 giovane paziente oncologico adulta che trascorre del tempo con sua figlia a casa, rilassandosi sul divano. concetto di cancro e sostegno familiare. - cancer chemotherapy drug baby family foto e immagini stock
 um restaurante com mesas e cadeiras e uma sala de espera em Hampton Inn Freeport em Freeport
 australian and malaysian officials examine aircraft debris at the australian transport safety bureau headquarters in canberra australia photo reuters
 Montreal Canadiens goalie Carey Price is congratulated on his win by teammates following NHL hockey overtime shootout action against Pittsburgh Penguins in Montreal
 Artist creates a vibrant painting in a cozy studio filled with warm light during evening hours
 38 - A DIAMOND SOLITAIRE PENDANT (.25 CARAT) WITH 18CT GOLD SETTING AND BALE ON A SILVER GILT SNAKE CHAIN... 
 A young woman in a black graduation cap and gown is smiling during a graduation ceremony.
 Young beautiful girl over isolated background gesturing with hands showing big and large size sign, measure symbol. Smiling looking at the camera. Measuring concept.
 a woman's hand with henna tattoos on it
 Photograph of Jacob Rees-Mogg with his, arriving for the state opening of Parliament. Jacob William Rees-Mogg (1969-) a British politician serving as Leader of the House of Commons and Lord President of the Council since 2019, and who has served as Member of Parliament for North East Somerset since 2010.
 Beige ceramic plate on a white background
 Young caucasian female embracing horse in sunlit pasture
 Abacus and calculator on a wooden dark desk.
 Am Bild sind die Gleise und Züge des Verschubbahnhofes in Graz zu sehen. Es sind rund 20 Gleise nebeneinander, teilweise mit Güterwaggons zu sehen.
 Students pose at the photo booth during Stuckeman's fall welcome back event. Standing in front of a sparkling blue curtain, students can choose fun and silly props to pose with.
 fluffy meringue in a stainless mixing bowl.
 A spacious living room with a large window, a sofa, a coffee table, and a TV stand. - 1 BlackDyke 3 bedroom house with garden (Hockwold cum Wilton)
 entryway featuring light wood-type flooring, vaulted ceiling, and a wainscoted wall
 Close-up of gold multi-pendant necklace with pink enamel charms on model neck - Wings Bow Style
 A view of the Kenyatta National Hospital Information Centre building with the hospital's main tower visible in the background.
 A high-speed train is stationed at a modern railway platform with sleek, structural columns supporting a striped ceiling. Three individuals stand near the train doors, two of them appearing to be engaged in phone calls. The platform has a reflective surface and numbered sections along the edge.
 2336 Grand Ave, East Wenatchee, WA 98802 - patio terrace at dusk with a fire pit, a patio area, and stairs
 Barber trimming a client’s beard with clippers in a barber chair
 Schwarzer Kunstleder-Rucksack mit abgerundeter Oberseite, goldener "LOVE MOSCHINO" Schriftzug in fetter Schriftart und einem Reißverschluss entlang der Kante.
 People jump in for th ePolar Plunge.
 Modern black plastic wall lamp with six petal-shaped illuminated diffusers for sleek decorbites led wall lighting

════════════════

ABOUT THIS TASK> From the first line to the last, give the data again exactly.

TASK OUTPUT>
 giovane paziente oncologico adulta che trascorre del tempo con sua figlia a casa, rilassandosi sul divano. concetto di cancro e sostegno familiare. - cancer chemotherapy drug baby family foto e immagini stock
 um restaurante com mesas e cadeiras e uma sala de espera em Hampton Inn Freeport em Freeport
 australian and malaysian officials examine aircraft debris at the australian transport safety bureau headquarters in canberra australia photo reuters
 Montreal Canadiens goalie Carey Price is congratulated on his win by teammates following NHL hockey overtime shootout action against Pittsburgh Penguins in Montreal
 Artist creates a vibrant painting in a cozy studio filled with warm light during evening hours
 38 - A DIAMOND SOLITAIRE PENDANT (.25 CARAT) WITH 18CT GOLD SETTING AND BALE ON A SILVER GILT SNAKE CHAIN... 
 A young woman in a black graduation cap and gown is smiling during a graduation ceremony.
 Young beautiful girl over isolated background gesturing with hands showing big and large size sign, measure symbol. Smiling looking at the camera. Measuring concept.
 a woman's hand with henna tattoos on it
 Photograph of Jacob Rees-Mogg with his, arriving for the state opening of Parliament. Jacob William Rees-Mogg (1969-) a British politician serving as Leader of the House of Commons and Lord President of the Council since 2019, and who has served as Member of Parliament for North East Somerset since 2010.
 Beige ceramic plate on a white background
 Young caucasian female embracing horse in sunlit pasture
 Abacus and calculator on a wooden dark desk.
 Am Bild sind die Gleise und Züge des Verschubbahnhofes in Graz zu sehen. Es sind rund 20 Gleise nebeneinander, teilweise mit Güterwaggons zu sehen.
 Students pose at the photo booth during Stuckeman's fall welcome back event. Standing in front of a sparkling blue curtain, students can choose fun and silly props to pose with.
 fluffy meringue in a stainless mixing bowl.
 A spacious living room with a large window, a sofa, a coffee table, and a TV stand. - 1 BlackDyke 3 bedroom house with garden (Hockwold cum Wilton)
 entryway featuring light wood-type flooring, vaulted ceiling, and a wainscoted wall
 Close-up of gold multi-pendant necklace with pink enamel charms on model neck - Wings Bow Style
 A view of the Kenyatta National Hospital Information Centre building with the hospital's main tower visible in the background.
 A high-speed train is stationed at a modern railway platform with sleek, structural columns supporting a striped ceiling. Three individuals stand near the train doors, two of them appearing to be engaged in phone calls. The platform has a reflective surface and numbered sections along the edge.
 2336 Grand Ave, East Wenatchee, WA 98802 - patio terrace at dusk with a fire pit, a patio area, and stairs
 Barber trimming a client’s beard with clippers in a barber chair
 Schwarzer Kunstleder-Rucksack mit abgerundeter Oberseite, goldener "LOVE MOSCHINO" Schriftzug in fetter Schriftart und einem Reißverschluss entlang der Kante.
 People jump in for th ePolar Plunge.
 Modern black plastic wall lamp with six petal-shaped illuminated diffusers for sleek decorbites led wall lighting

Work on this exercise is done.